Short web captions:
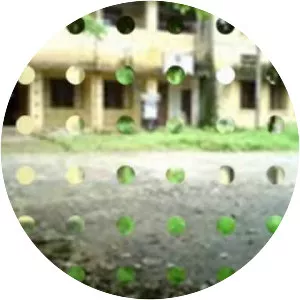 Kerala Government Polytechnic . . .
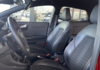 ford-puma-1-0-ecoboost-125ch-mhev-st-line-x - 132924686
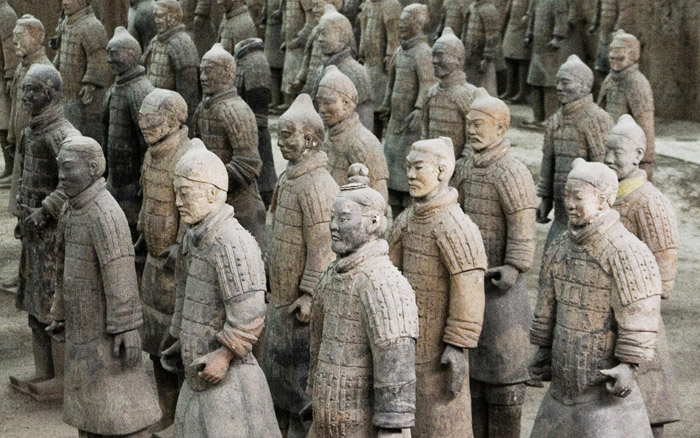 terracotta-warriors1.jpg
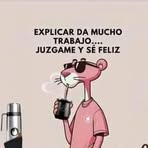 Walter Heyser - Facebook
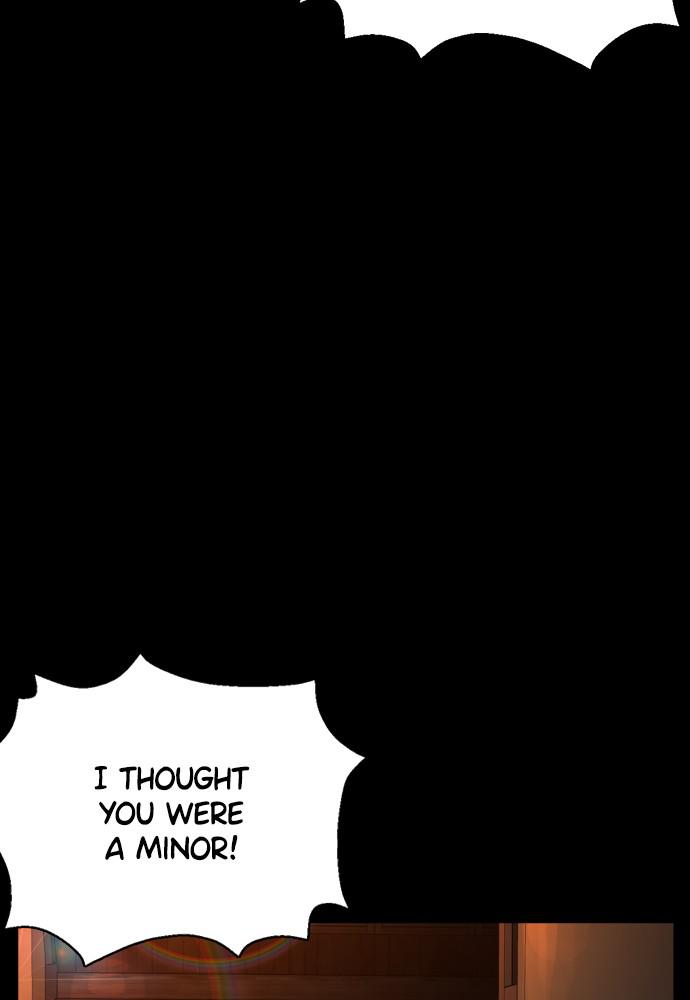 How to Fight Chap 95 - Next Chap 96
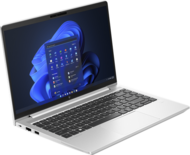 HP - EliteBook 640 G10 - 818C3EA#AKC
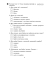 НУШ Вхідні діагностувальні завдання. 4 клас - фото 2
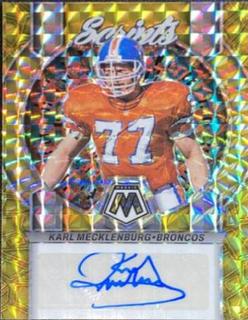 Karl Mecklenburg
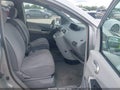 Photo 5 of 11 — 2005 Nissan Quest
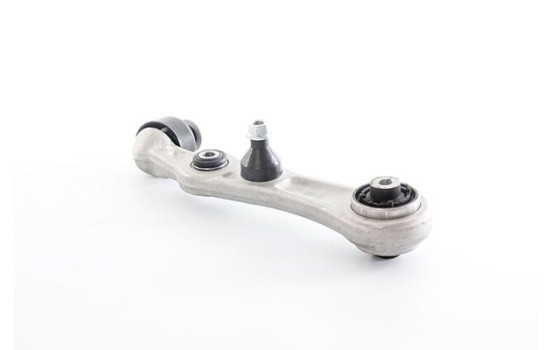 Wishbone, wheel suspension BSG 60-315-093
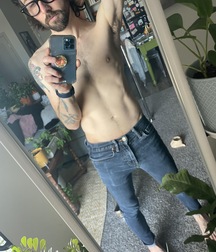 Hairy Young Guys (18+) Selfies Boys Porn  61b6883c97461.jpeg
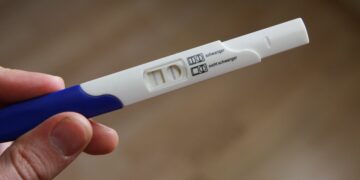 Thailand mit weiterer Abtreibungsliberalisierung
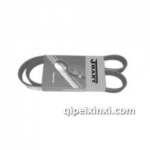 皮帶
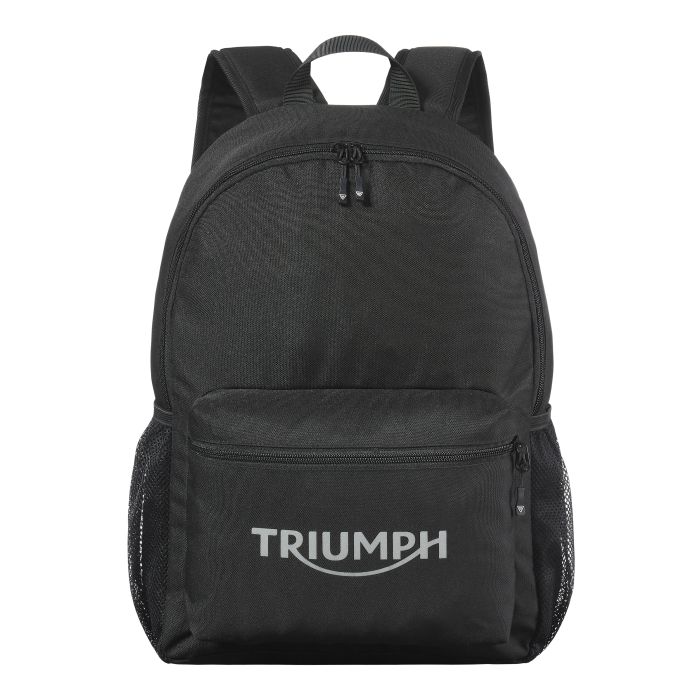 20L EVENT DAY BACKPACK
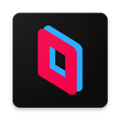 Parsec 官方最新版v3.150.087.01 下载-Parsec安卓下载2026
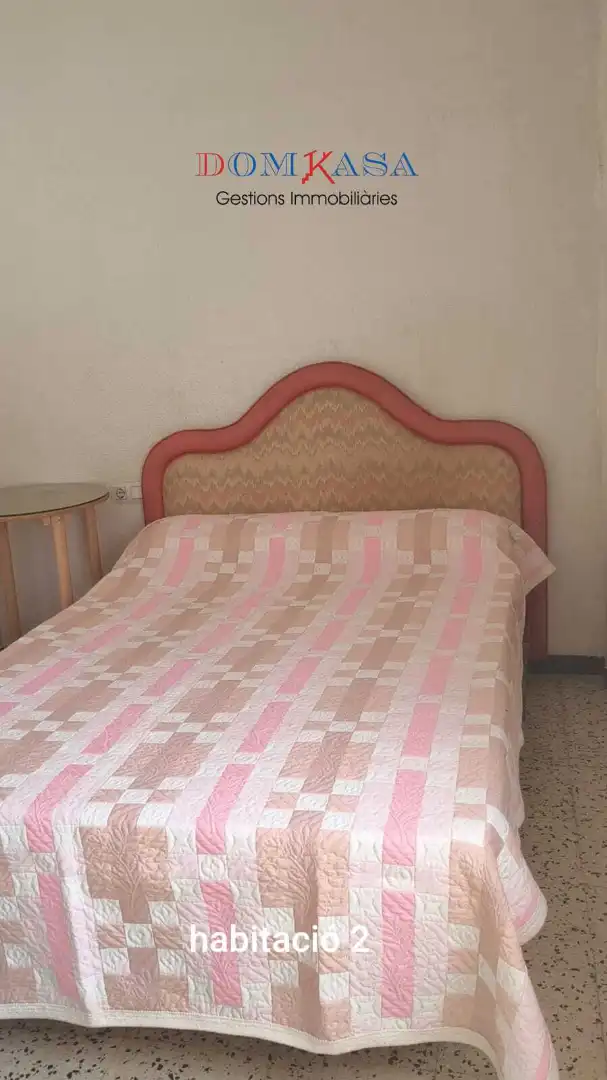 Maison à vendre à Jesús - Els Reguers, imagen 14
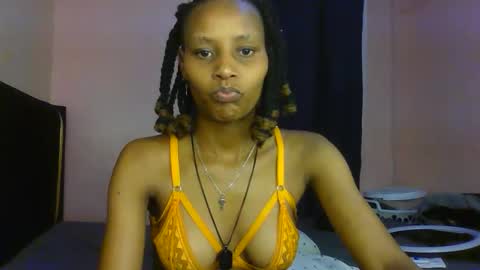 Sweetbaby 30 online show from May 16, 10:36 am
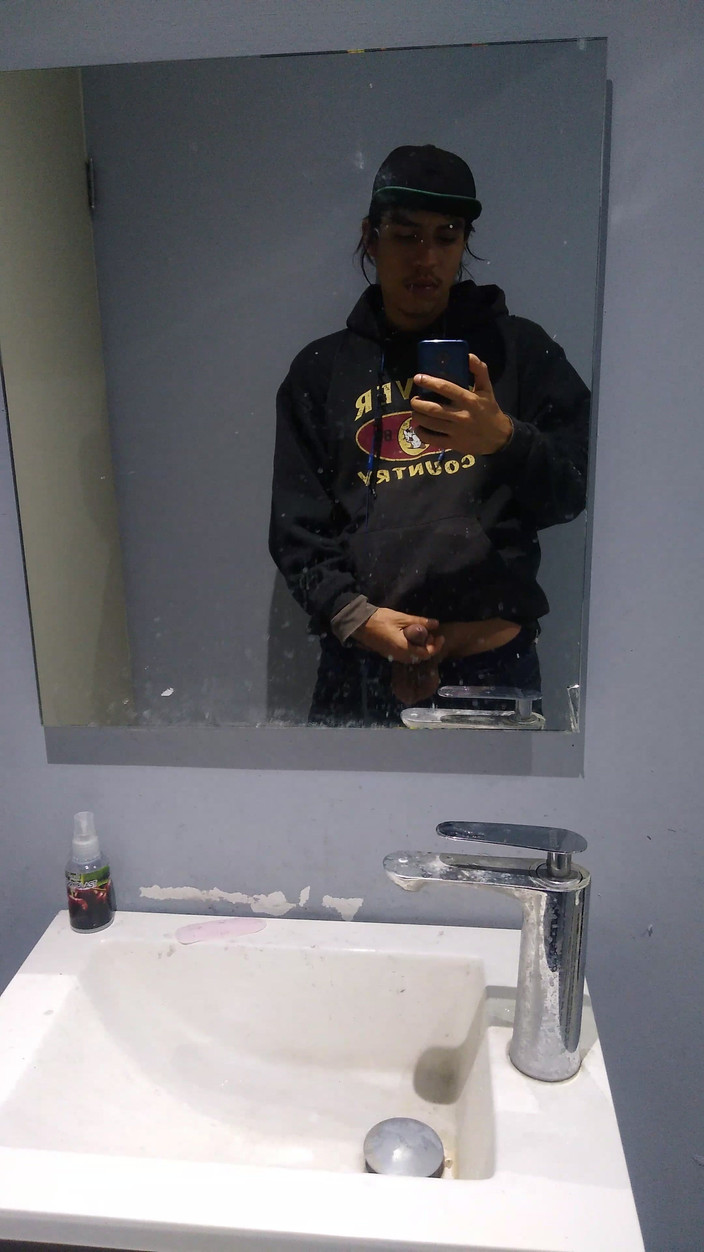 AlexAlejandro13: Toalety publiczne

Instructions for the task:
From the line with "Parsec 官方最新版v3.150.087.01 下载-Parsec安卓下载2026" to the last line above, restate each line word for word, but skip the pictures.

Task result:
 Parsec 官方最新版v3.150.087.01 下载-Parsec安卓下载2026
 Maison à vendre à Jesús - Els Reguers, imagen 14
 Sweetbaby 30 online show from May 16, 10:36 am
 AlexAlejandro13: Toalety publiczne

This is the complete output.